In order for the attorney general to dissolve a corporation, it must prove that the corporation obtained its articles of incorporation through fraud or that it has exceeded or abused the authority conferred upon it by law. If a creditor initiates the action, dissolution is granted if it is established that the creditor’s claim has been reduced to judgment, the execution on the judgment has been returned unsatisfied, and the corporation is insolvent; or the corporation has admitted in writing that the creditor’s claim is due and owing and the corporation is insolvent; or in a proceeding by the corporation to have its voluntary dissolution continued under court supervision.
Shareholder initiated dissolution merits special consideration. Shareholder initiated dissolution can be granted if (a) the directors are deadlocked in the management of the corporation’s affairs, (b) the directors are acting illegally, oppressively or fraudulently, (c) the shareholders are deadlocked, or the (d) corporate assets are being misapplied or wasted.
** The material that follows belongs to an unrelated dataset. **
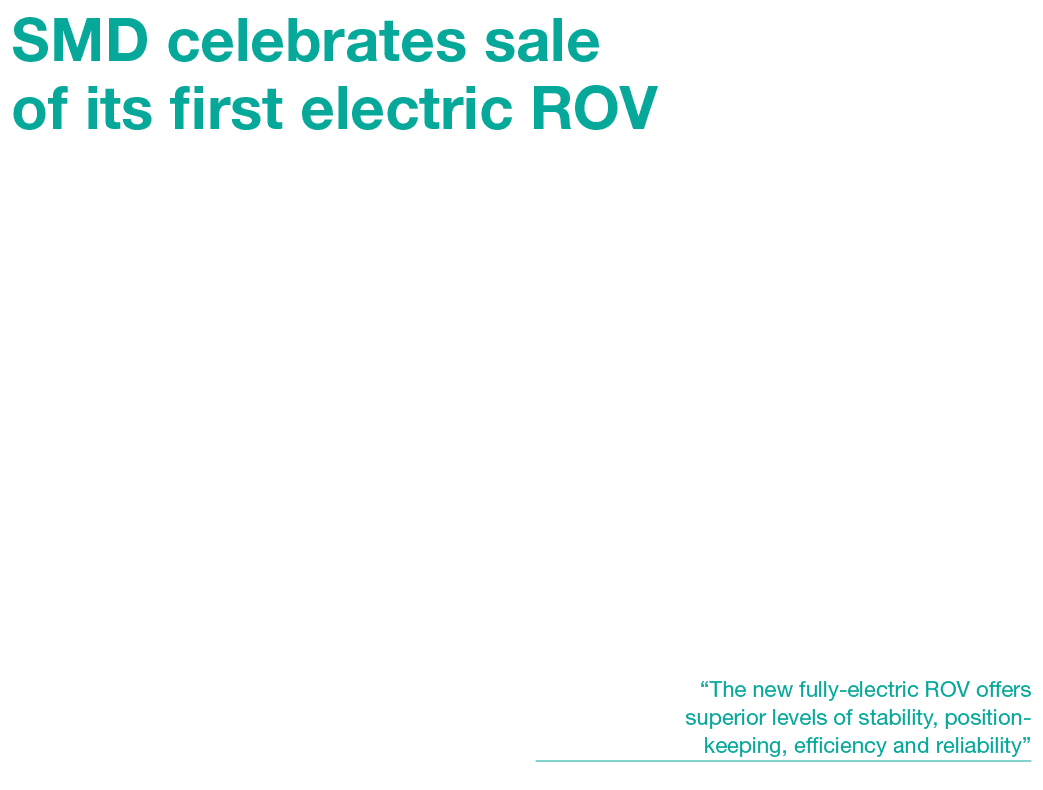 SMD celebrates sale of its first electric ROV Global subsea engineering and technology company, SMD, has announced th...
Oppressive behavior, standing alone, is enough to cause liquidation of a corporation. Whale Art Co. v. Docter, 743 S.W.2d 511, 514 (Mo. Ct. App 1987). The existence of oppression must be determined on a case by case basis and oppression suggests harsh, dishonest or wrongful conduct and a visible departure from the standards of fair dealing. Id. Officers and directors of a corporation occupy a fiduciary relation to the corporation and to the stockholders; their position is one of trust and they are bound to act with fidelity and subordinate their personal interest to the interest of the corporation should there be a conflict. Hyde Park Amusement Co. v. Mogler, 214 S.W.3d 541, 543 (Mo. 1948). This fiduciary duty requires corporate directors and officers to exercise the utmost good faith in the discharge of the duties arising out of their trust, and to act for the corporation and its stockholders, giving all the benefit of their best judgment. Moore v. Moore, 189 S.W.3d 627, 633 (Mo. Ct. App. 2006). Officers of a closely held corporation owe a higher degree of fiduciary duty than do publicly held corporations. Forinash v. Daugherty, 697 S.W.2d 294 (Mo. Ct. App. 1985).
Dissolution of a corporation is a drastic remedy and courts should resort to this procedure only to prevent irreparable injury, imminent danger of loss or a miscarriage of justice. Struckhoff v. Echo Ridge Farm, Inc., 833 S.W.2d 463 (Mo. Ct. App. 1992). Courts should consider the effect the dissolution would have on the public as well as the shareholders. Id. The complaining shareholder has the burden of proof to establish grounds for dissolution. Id. If a court grants a judicial dissolution, then the Court will enter its order disposing of corporate assets and assigning liabilities; this can be a cumbersome process and is similar to the division of property that occurs in a dissolution of marriage.